*Work to be completed*
Extract, word for word, each line from the line holding "Vintage 90s Winter" through the end of the records. Omit every picture.

*Records excerpted from a collection*
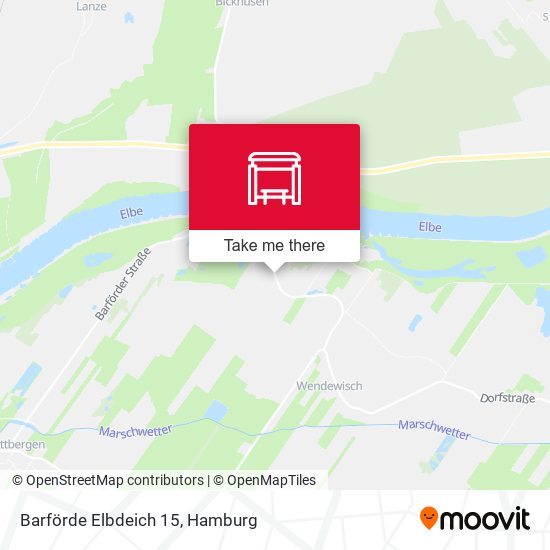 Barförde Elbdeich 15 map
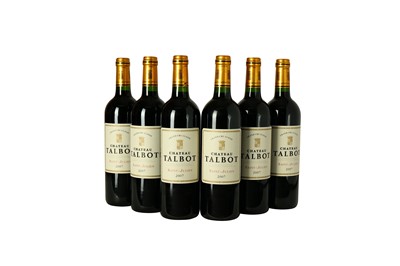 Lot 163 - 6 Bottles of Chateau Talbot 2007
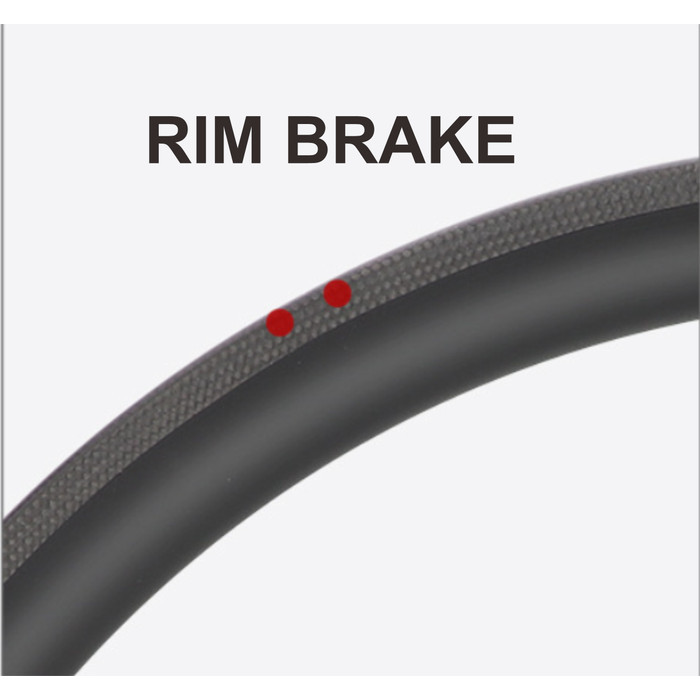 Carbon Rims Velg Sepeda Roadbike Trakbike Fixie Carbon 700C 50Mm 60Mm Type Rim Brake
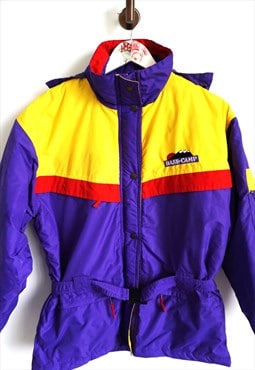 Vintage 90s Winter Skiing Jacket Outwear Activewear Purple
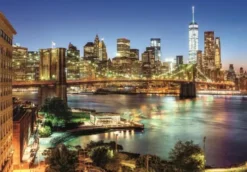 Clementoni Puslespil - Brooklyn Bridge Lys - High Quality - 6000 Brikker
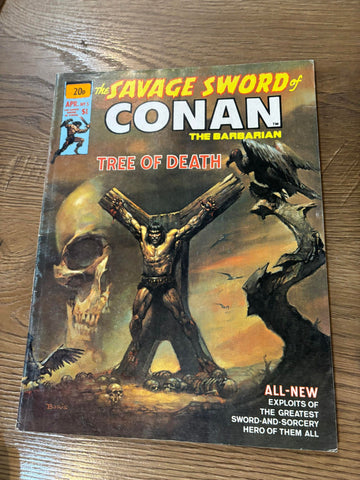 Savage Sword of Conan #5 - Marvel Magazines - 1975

*Reply to the exercise*
 Vintage 90s Winter Skiing Jacket Outwear Activewear Purple
 Clementoni Puslespil - Brooklyn Bridge Lys - High Quality - 6000 Brikker
 Savage Sword of Conan #5 - Marvel Magazines - 1975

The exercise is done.